Stella Computer Cluster Architecture
Hardware
Stella is composed of:
- Four identical 4-way nodes (comp02-comp05), each of them with:
- 4 dual-core opterons 2.4GHz
- 16GB RAM
- 73GB SCSI320 HD
- Infinipath HTX adapter [not delivered yet]
- 1U chassis
- One extensible 4-way node (comp00):
- Same configuration as comp02-05 plus:
- Extra 300GB SCSI320 HD
- 4U chassis with available PCI-Express slots
- One 2-way node (comp01)
- 2 dual-core opterons 2.4GHz
- 8GB RAM
- 73GB SATA Raptor HD
- Infinipath PCI-Express adapter
- 4U chassis with available HTX and PCI-Express slots
- Front-end node + NFS file server (stella)
- 2 single-core opterons 2.4GHz
- 4GB RAM
- 150GB RAID1
- 2TB RAID5 accessible via NFS via Gigabit ethernet
- Cluster Management Appliance (CMA)
- Gigabit Ethernet Switch
- Silverstorm Infiniband Switch
- UPS
Cluster interconnect
The following figure outlines the functional connectivity within the cluster. Users connect via the front-end node, which is a full Linux system with shells, compilers, editors, etc.

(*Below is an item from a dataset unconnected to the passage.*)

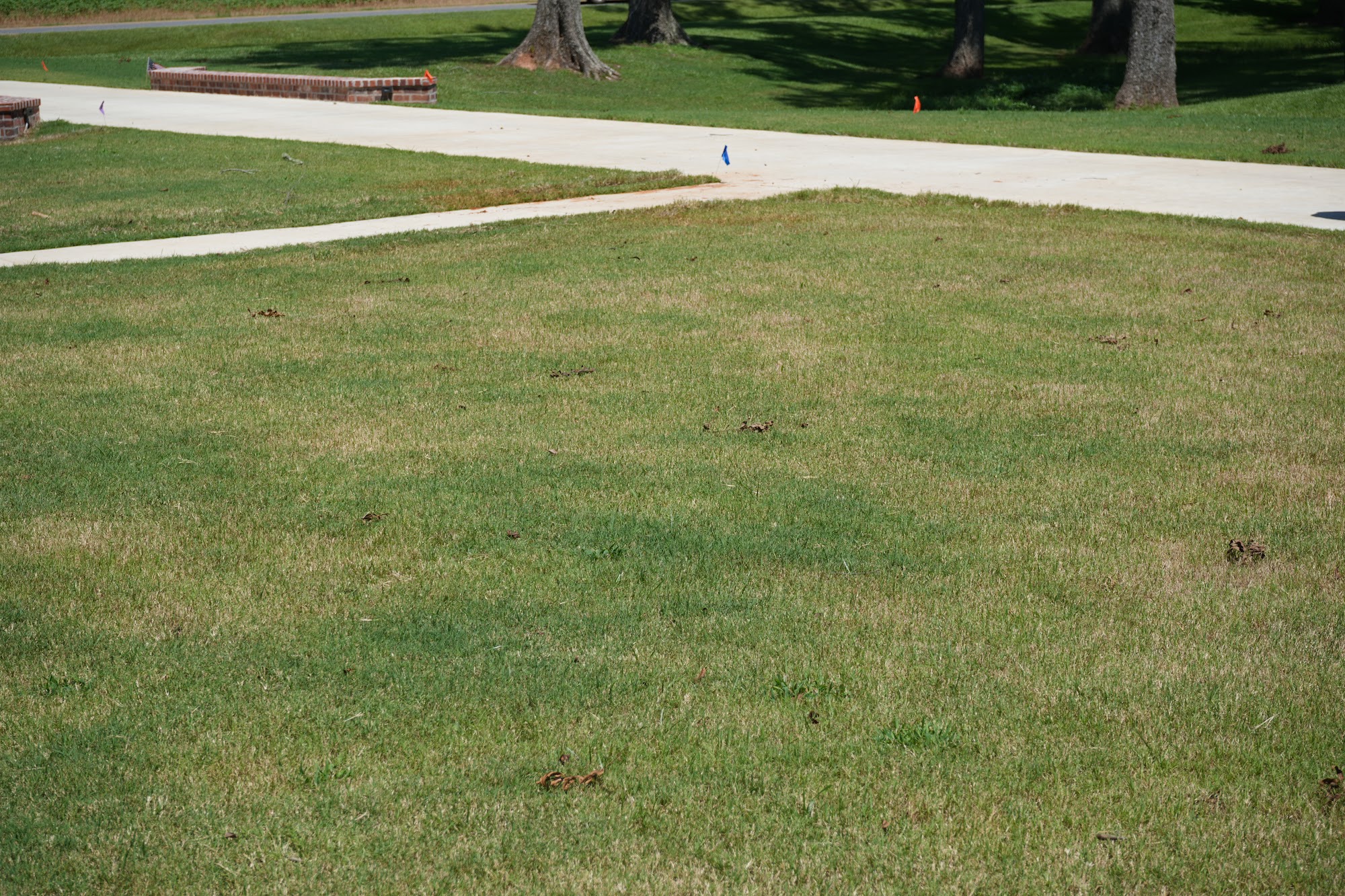 All Star Sprinkler Systems crew marking an irrigation layout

Jobs are submitted to the front-end node's scheduler, which distributes them to the compute nodes via gigabit ethernet. The compute nodes have a further fast interconnect for high-bandwidth low-latency communications.
Gigabit ethernet
The Gigabit ethernet switch is connecting all the components of the cluster together (front-end node, compute nodes and CMA). The Gbit ethernet LAN is mainly used for the following tasks:
- Job control between front-end node and compute nodes
- NFS file server transfers
- Monitoring functions by the CMA
- Serial-Over-Ethernet communications
MPI Infinipath/Infiniband interconnect
The Infinipath/Infiniband interconnect is (in 2006) the interconnect which provides the lowest latency for MPI communications. A tiny fraction of the latency was additionally saved by selecting Infinipath HTX adapters instead of PCI-Express ones.

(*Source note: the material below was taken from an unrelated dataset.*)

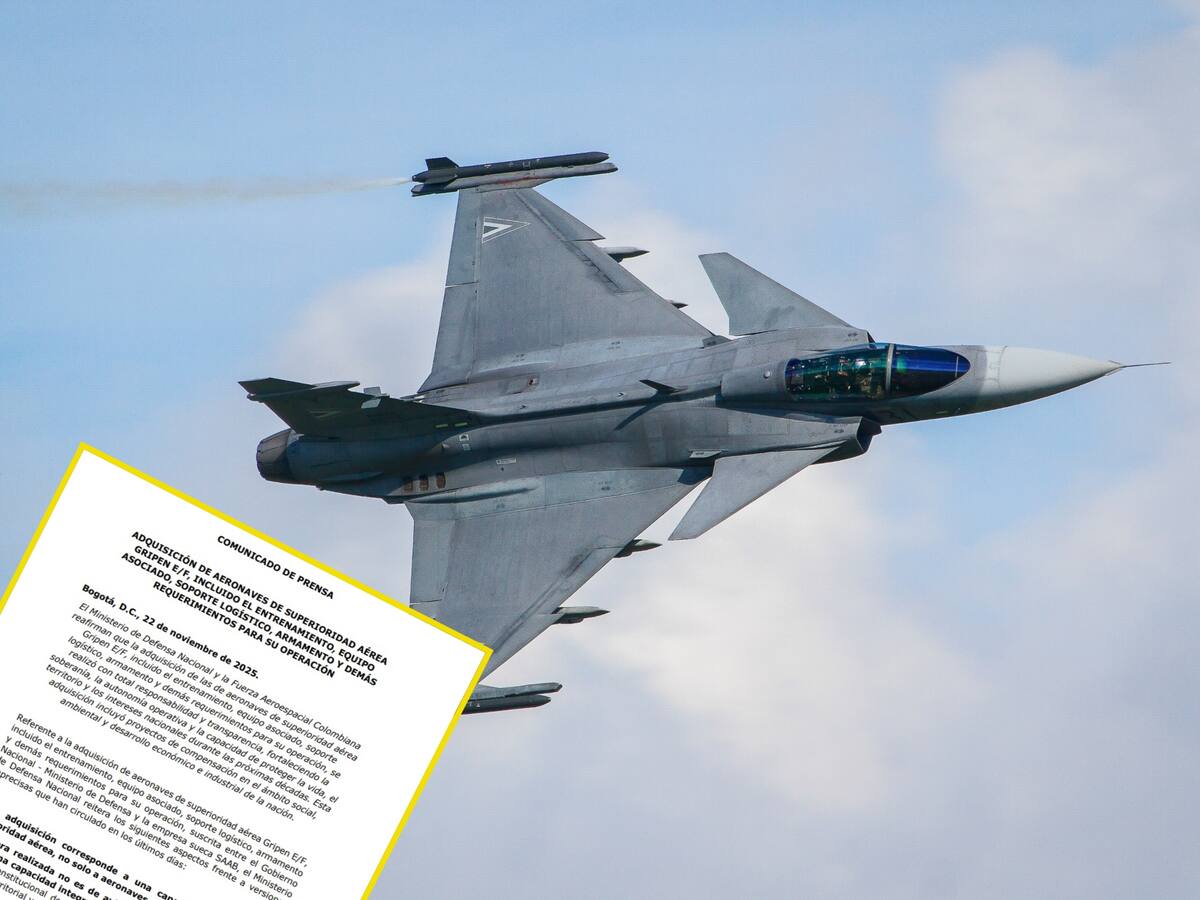 MinDefensa afirma que compra de aviones Gripen se hizo con “responsabilidad y transparencia”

This low-latency interconnect is exploited by the MPI libraries installed on the cluster.
Software
The front-end and compute nodes are based on Suse 9.3. As such, all the usual linux tools and libraries are available:
- gcc
- liblapack, libscalapack
- etc.
- Java 1.5 and 1.6
- Synopsys VCS with SystemC
- Matlab with Distributed Toolkit
Scheduler: Sun N1 Grid Engine
Every task intended to run on the cluster's compute nodes must be submitted to the Sun Grid Engine software: Grid Engine keeps track of available resources, running jobs, user history etc., and automatically decides where and when the various jobs should run to use the compute nodes at the best of their capabilities and share the resources equitably between users.
TODO: Add a description of all those useful things in SGE. Add description of queues.
Network File System
Two common ways of copying files accross computers are by using scp and by sharing them via NFS.
Scp is available to and from Stella.
Regarding NFS, we decided not to mount any departmental NFS share on stella for two reasons:
- They are unreliable: machines mounting them usually hang when the department's network goes down.
- A file written to a department's NFS file server goes via a series of 100Mbps switches.
Stella is linked to the APT group via a 1Gbps switch.